Lecture psychanalytique de l’oeuvre de Nelly Arcan: “Jouissance féminine”

« Je dédie ce livre à la mémoire de Nelly Arcan », écrit Camille Laurens en refermant son roman “Celle que vous croyez”. Nelly Arcan était une écrivaine québécoise. Elle est le nom de plume d’Isabelle Fortier. Nous pourrions écrire Isabelle Fortier née le 5 mars 1973 à Lac-Mégantic au Québec et Nelly Arcan décédée le 24 septembre 2009 à Montréal. Car, peu d’œuvres ont autant associé l’écrit et son auteur. Que Nelly nous parle à la première personne de l’enfance d’Isabelle, et de la marchandisation du corps de Cynthia, car tel était son nom d’emprunt lorsqu’elle recevait ses clients, qu’elle utilise essentiellement le tutoiement en écrivant à son amant pour lui dire ce qui la rend folle ,  qu’elle utilise la narration à la troisième personne dans son troisième roman « à ciel ouvert » pour parler de Julie qui voit la réalité humaine ou de Rose qui la montre ; Nelly nous entretient toujours de sa difficulté d’être là. Elle laisse à Antoinette Beauchamp, l’héroïne de son roman posthume “Paradis clef en main”, le soin de nous illustrer sa sortie.
Chez Nelly, le mal de vivre s’alimente de l’énigme que constitue le désir de l’Autre. La petite Isabelle, peut-être trop tôt consciente que tout est semblant, se verra confrontée à cet impossible du rapport sexuel. Sa “souplesse infinie” comme elle qualifie sa façon d’y faire avec le désir de l’homme, n’y palliera point.

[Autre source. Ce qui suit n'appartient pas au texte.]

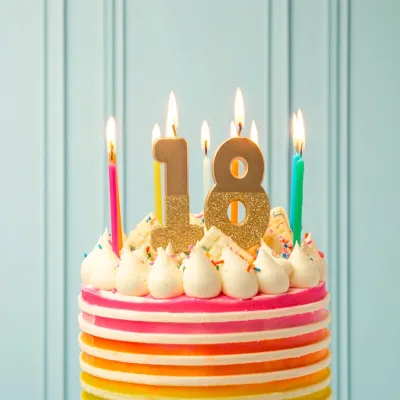 Number candle 8 with gold and gold glitter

La menace du « laisser en plan » toujours plus présente, l’accapare, elle qui a si bien su en parler. Tout au long de ses écrits, Nelly nous invite à la rencontre de ce qui fait mystère, mystère du féminin et au-delà énigme de la trace qu’une parole laisse sur le corps . Corps sans cesse remodelé au figuré comme au réel. Le corps déshabité de la putain dont il ne reste que le déshabillé, le corps matriciel enveloppé de la robe de chambre maternelle, le corps honteux pris dans sa robe de chair.
L’écriture de Nelly Arcan interroge la jouissance féminine « pas toute » prise dans la fonction phallique. Pour Lacan la jouissance féminine s’éprouve à l’occasion, mais elle est impossible à dire . De cet impossible Nelly Arcan a fait œuvre de littérature. Une lecture psychanalytique de ses textes nous conduira vers le thème des journées 49 de l’École de la Cause Freudienne, « Femmes en psychanalyse ».